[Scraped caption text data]
----------
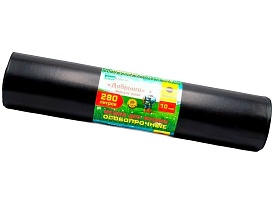 Мешки для мусора 280 л, ароматизированные, черные, в рулоне 10 шт., ПВД 110 мкм, 1400х930 мм, Добрыня, Dob28010black в Барнауле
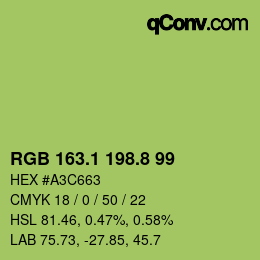 カラーコード: RGB 163.1 198.8 99 | qconv.com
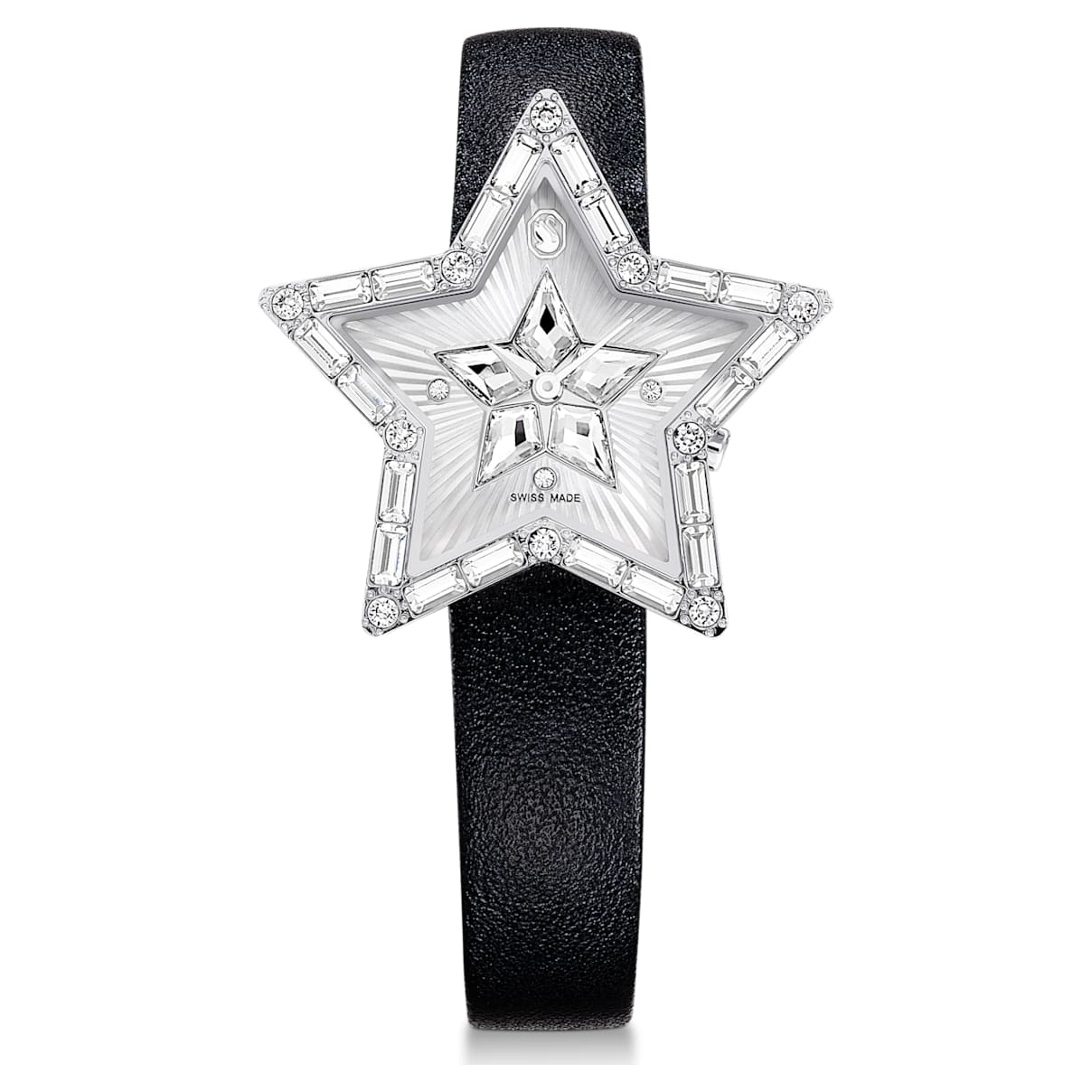 

Symbolica Star Uhr, Schweizer Produktion, Stern, Lederarmband, Weiß, Edelstahl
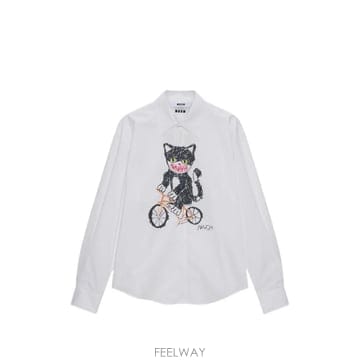 당일배송 엠에스지엠 캣 프린트 티셔츠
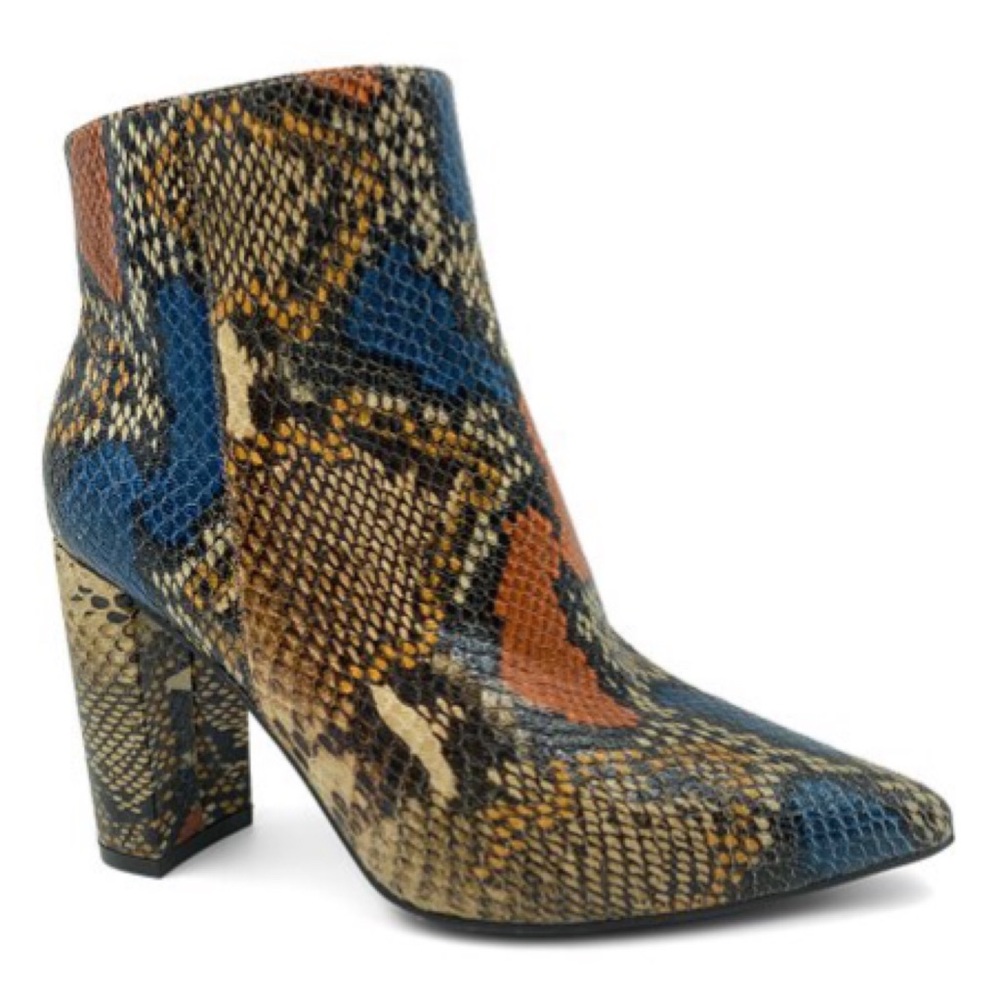 Multicolored snakeprint ankle boots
----------
> Problem to work on: Take the line containing "당일배송 엠에스지엠 캣 프린트 티셔츠" and every line after it to the end of the records, and restate them verbatim, with no pictures.

> Your solution:
 당일배송 엠에스지엠 캣 프린트 티셔츠
 Multicolored snakeprint ankle boots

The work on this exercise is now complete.